Purpose: Immune effector cell-associated hematotoxicity (ICAHT) is a major cause of nonrelapse mortality after chimeric antigen receptor (CAR) T-cell therapy. We hypothesized that unsupervised time-series clustering could better identify archetypal patterns of early hematotoxicity compared to the early ICAHT (eICAHT) grading system.
Methods: We applied unsupervised k-means time-series clustering based on Euclidean distances to longitudinal absolute neutrophil count (ANC) data from days +0 through +30 post-CAR T-cell infusion in 691 patients treated at our center (training set: n = 483, 70%; test set: n = 208, 30%).

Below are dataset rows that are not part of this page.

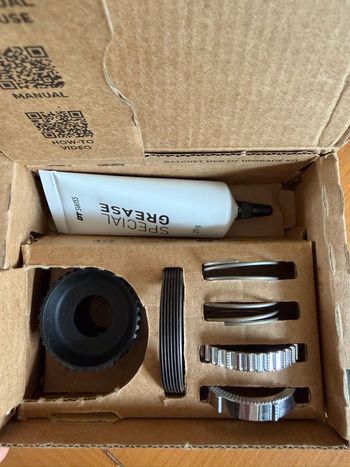 Used Dt Swiss Upgrade Kit Ratchet DEG 90T 2026 bike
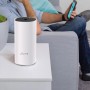 TP-LINK DECO E4 (1-pack) Dual-band (2.4 GHz/5 GHz) Wi-Fi 5 (802.11ac) Bianco, Grigio Interno (DECO E4) (Deco E4(1-Pack))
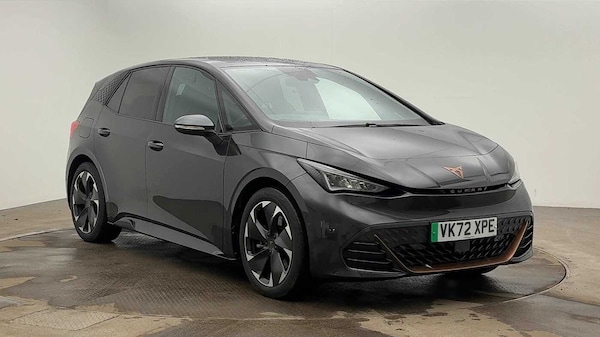 Used Cupra Born 2022 for sale - 76338439: Photo 1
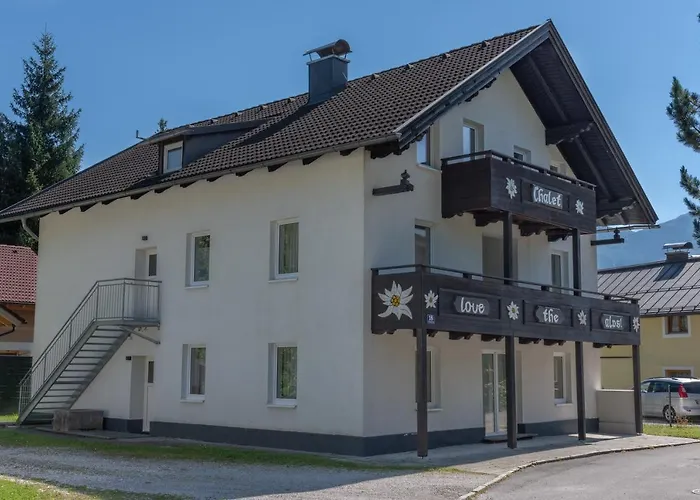 Apartment The Alps By In One *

Results: Within our training set, we identified an optimal cluster solution based on four ANC recovery clusters, which were labeled as very good, good, poor, and very poor. We trained a random forest (RF) model including the top five most important features (day +3, +4, +5, +26, and +27 ANC values) to predict the cluster assignments. Within our test set, we applied the RF model to predict cluster assignments. Compared with the eICAHT criteria, the RF-predicted clusters were more compact and better separated (Dunn index: 0.078 v 0.034; average silhouette width: 0.12 v 0.010). In addition, the RF model identified patients in the good recovery cluster with intermediate overall survival (hazard ratio [HR], 1.70 [95% CI, 1.05 to 2.74]; P = .029; reference, very good), which was not captured by grade 2 eICAHT (HR, 1.37 [95% CI, 0.80 to 2.35]; P = .25; reference, grade 0-1).
Conclusion: Unsupervised time-series clustering identified distinct and clinically relevant patterns of hematotoxicity after CAR T-cell therapy. We trained and tested an RF model that accurately predicted cluster assignments using only five features. Predictions can be generated using our online web application.